[Brief descriptive captions]
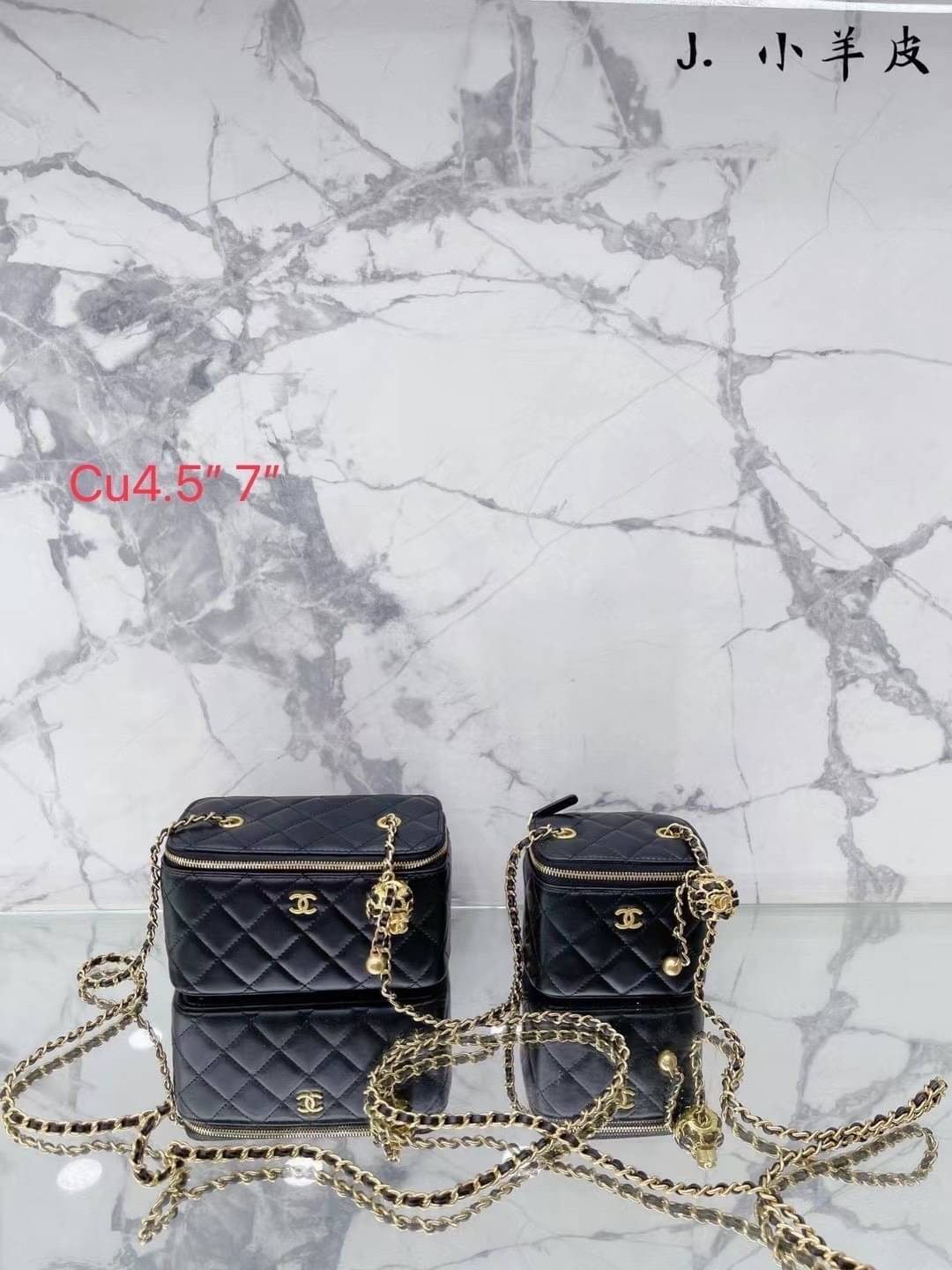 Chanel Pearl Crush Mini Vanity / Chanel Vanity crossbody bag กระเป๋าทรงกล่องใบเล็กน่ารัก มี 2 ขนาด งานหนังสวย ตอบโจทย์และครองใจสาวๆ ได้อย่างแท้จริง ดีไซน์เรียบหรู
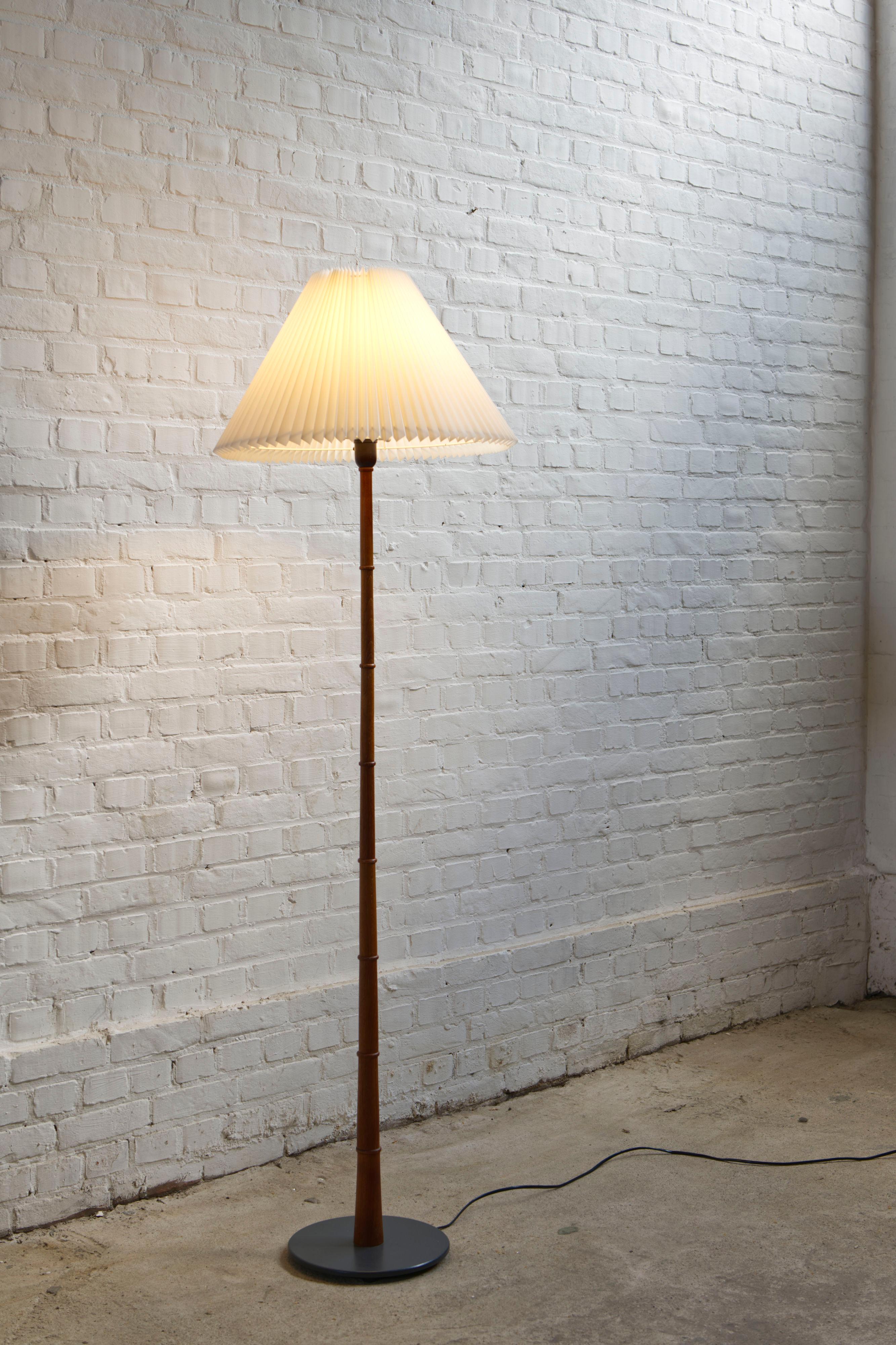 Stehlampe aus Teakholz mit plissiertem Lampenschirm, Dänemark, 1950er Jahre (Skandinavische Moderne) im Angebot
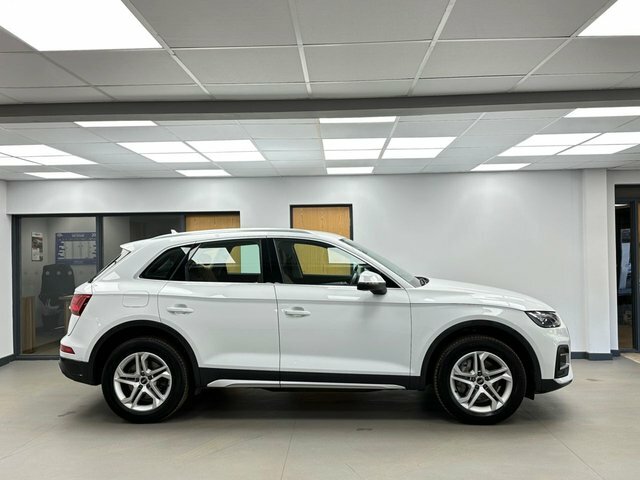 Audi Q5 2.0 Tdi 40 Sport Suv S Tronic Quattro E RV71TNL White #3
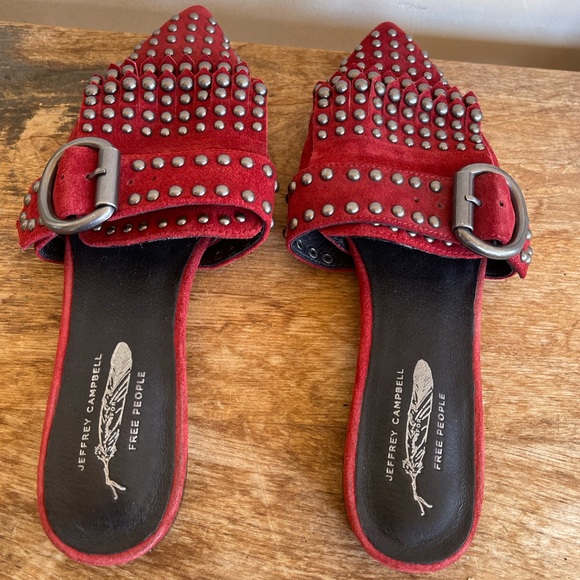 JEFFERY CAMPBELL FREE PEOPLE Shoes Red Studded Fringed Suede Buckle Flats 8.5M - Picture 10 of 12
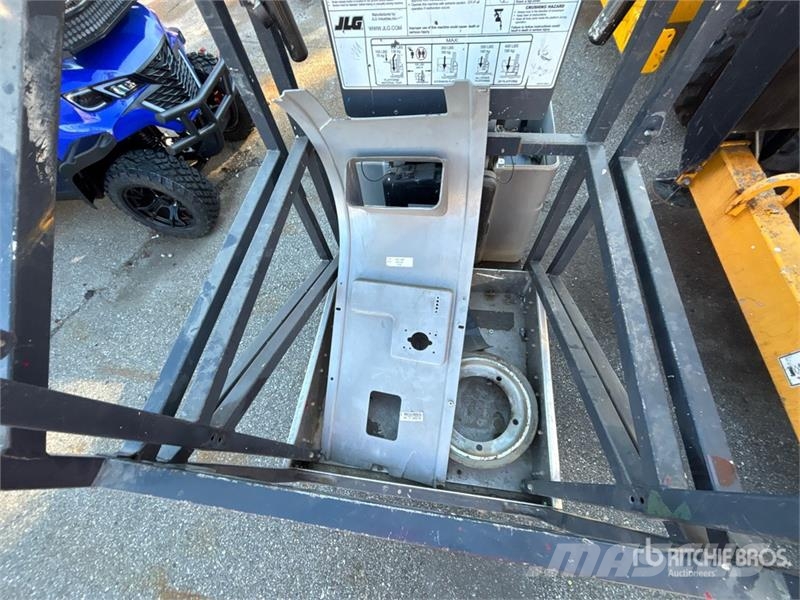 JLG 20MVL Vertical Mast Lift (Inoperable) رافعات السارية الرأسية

== Exercise requirements ==
Every record is to be restated word for word, with the pictures left out.

== Solution to the problem ==
 Chanel Pearl Crush Mini Vanity / Chanel Vanity crossbody bag กระเป๋าทรงกล่องใบเล็กน่ารัก มี 2 ขนาด งานหนังสวย ตอบโจทย์และครองใจสาวๆ ได้อย่างแท้จริง ดีไซน์เรียบหรู
 Stehlampe aus Teakholz mit plissiertem Lampenschirm, Dänemark, 1950er Jahre (Skandinavische Moderne) im Angebot
 Audi Q5 2.0 Tdi 40 Sport Suv S Tronic Quattro E RV71TNL White #3
 JEFFERY CAMPBELL FREE PEOPLE Shoes Red Studded Fringed Suede Buckle Flats 8.5M - Picture 10 of 12
 JLG 20MVL Vertical Mast Lift (Inoperable) رافعات السارية الرأسية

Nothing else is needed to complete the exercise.